This change the logic of drain_mmlist() so the mmlist will be able to be
shared with ksm.

Right now mmlist is used to track the mm structs that their pages had swapped
and it is used by swapoff, this patch change it so that in addition to holding
the mm structs that their pages had been swapped, it will hold the mm structs
that have vm areas that are VM_MERGEABLE.

The tradeoff is little bit more work when swapoff is running, but probably
better than adding another pointer into mm_struct and increase its size.

This patch add mmlist_mask that have 2 bits that are able to be set:
MMLIST_SWAP and MMLIST_KSM, this mmlist_mask control the beahivor of the
drain_mmlist() so it drain the mmlist when ksm use it.

Implemantion note: if program called madvise for MADV_SHAREABLE, and then
                   this vma will go away the mm_struct will be still kept
                   inside the mmlist untill the procsess exit.

Another intersting point is the code inside rmap.c:
	if (list_empty(&mm->mmlist)) {
		spin_lock(&mmlist_lock);
		if (list_empty(&mm->mmlist))
			list_add(&mm->mmlist, &init_mm.mmlist);
		spin_unlock(&mmlist_lock);
	}

I and Andrea have disscussed about this function and we are not sure if it cant
race with drain_mmlist when swapoff is run while swapping happen.

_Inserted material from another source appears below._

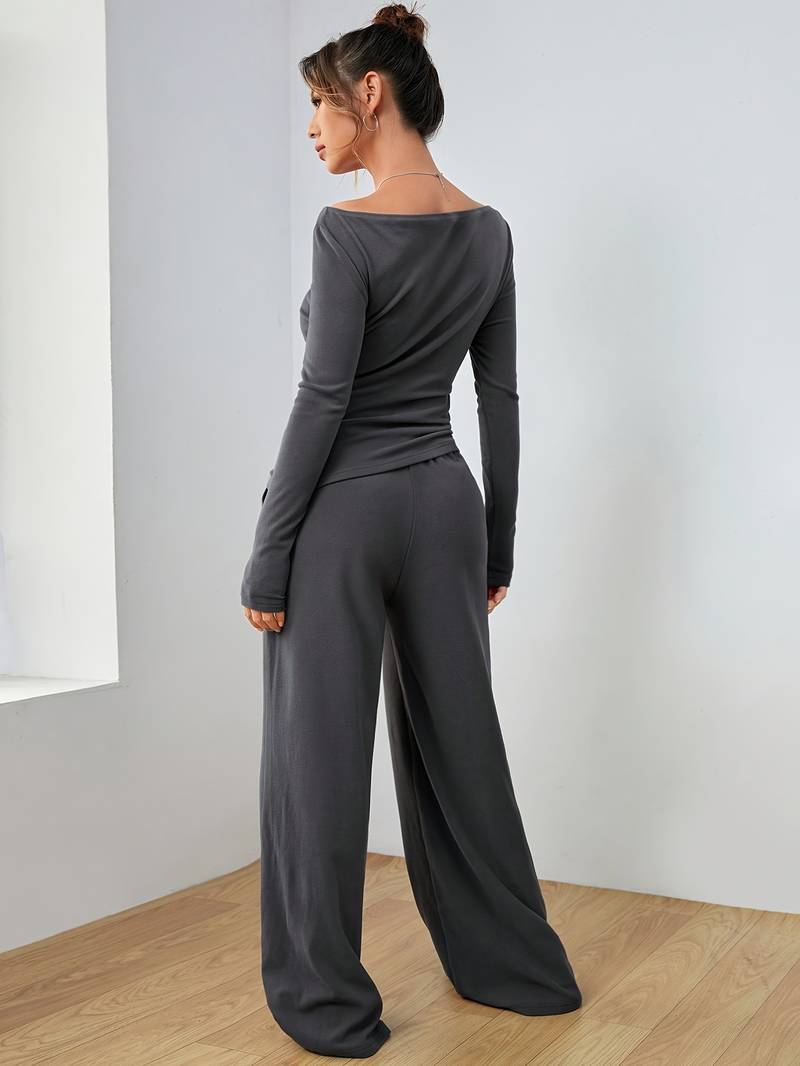 Sophisticated Trousers with a Clean Classic Look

Is it safe?, if it is safe it is safe for this patch, if it isnt then this patch
isnt safe as well.

Signed-off-by: Izik Eidus <ieidus@redhat.com>
---
 include/linux/swap.h |    4 ++++
 mm/madvise.c         |    8 ++++++++
 mm/rmap.c            |    8 ++++++++
 mm/swapfile.c        |    9 +++++++--
 4 files changed, 27 insertions(+), 2 deletions(-)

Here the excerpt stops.